When he was 18 and still continuing his musical studies that took him to Cologne, Hanover and Berlin, Schock joined the opera chorus at Theater Duisburg in the city of his birth. The Staatstheater Braunschweig cast Schock in solo roles in 1937, but his career was interrupted by his being enlisted into the army in 1940. It resumed after the end of WWII in 1945 in Hanover. The following year, he appeared with two of the Berlin-based opera companies and in 1947 he joined the Hamburg State Opera where he was a member until 1956.

He was one of the first Germans to sing at Covent Garden in 1949. Appearing as Rodolfo, Alfredo, Pinkerton and Tamino in his first season. He sang the title role at Idomeneo at the Salzburg Festival and took part in the premiere there of Rolf Liebermann's, Penelope and the Vienna State Opera's first staging of Lulu. Schock made repeat visits to the Edinburgh International Festival and sang Walther at Bayreuth in 1959.

In 1953, he played and sang the role of Richard Tauber in the film Du bist die Welt für mich (released in English-speaking countries as either You Are the World for Me or The Richard Tauber Story). He was often compared to the older tenor and was spoken of as his successor. He was also considered the most successful German film singer of his generation.

He was interested in the development of younger singers by judging vocal competitions. After discovering Karl Ridderbusch at one of these, Schock part-funded the bass's musical training.

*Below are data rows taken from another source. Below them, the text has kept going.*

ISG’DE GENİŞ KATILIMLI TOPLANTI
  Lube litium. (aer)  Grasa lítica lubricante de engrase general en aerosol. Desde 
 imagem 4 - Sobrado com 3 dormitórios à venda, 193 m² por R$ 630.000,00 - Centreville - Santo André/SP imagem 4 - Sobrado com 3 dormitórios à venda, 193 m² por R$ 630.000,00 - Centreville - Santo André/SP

Schock continued making concert appearances into his sixties. Aged 71, he died suddenly of a heart attack in Gürzenich, a district of the town of Düren where he had made his home.

==Selected filmography==
- Du bist die Welt für mich, as Richard Tauber
- The Happy Wanderer (1955), as Axel Wendt
- Ten on Every Finger (1954) as Himself
- The Csardas King (1958), as Janos
- Gräfin Mariza (1958), as Michael
- The House of Three Girls (1958), as Franz von Schober
As himself
- Not Without Gisela (1951)
- Big Request Concert (1960)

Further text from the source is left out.